[SUPPLIED MATERIAL — start]
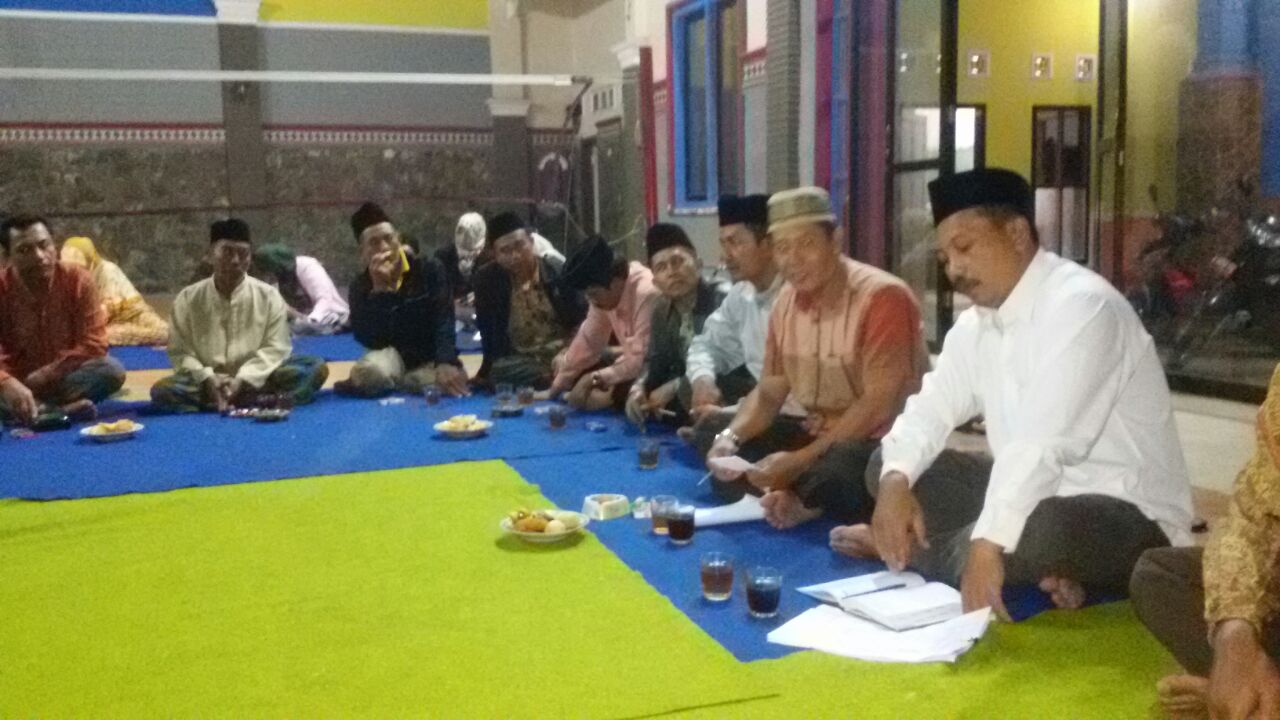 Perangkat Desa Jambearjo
[SUPPLIED MATERIAL — finish]
[SUPPLIED MATERIAL — start]
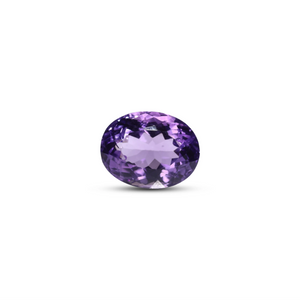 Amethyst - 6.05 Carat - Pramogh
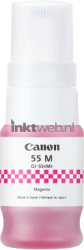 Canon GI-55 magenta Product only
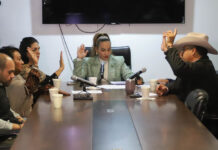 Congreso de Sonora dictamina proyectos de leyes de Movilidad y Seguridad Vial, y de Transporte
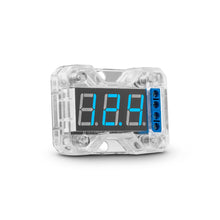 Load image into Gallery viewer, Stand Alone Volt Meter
[SUPPLIED MATERIAL — finish]
- _TASK TO COMPLETE_
Reproduce, word for word, everything in the listing above from the line containing "Congreso de Sonora" down to the line containing "Load image into", both of them included. No pictures.

- _EXERCISE RESULT_
 Congreso de Sonora dictamina proyectos de leyes de Movilidad y Seguridad Vial, y de Transporte
 Load image into Gallery viewer, Stand Alone Volt Meter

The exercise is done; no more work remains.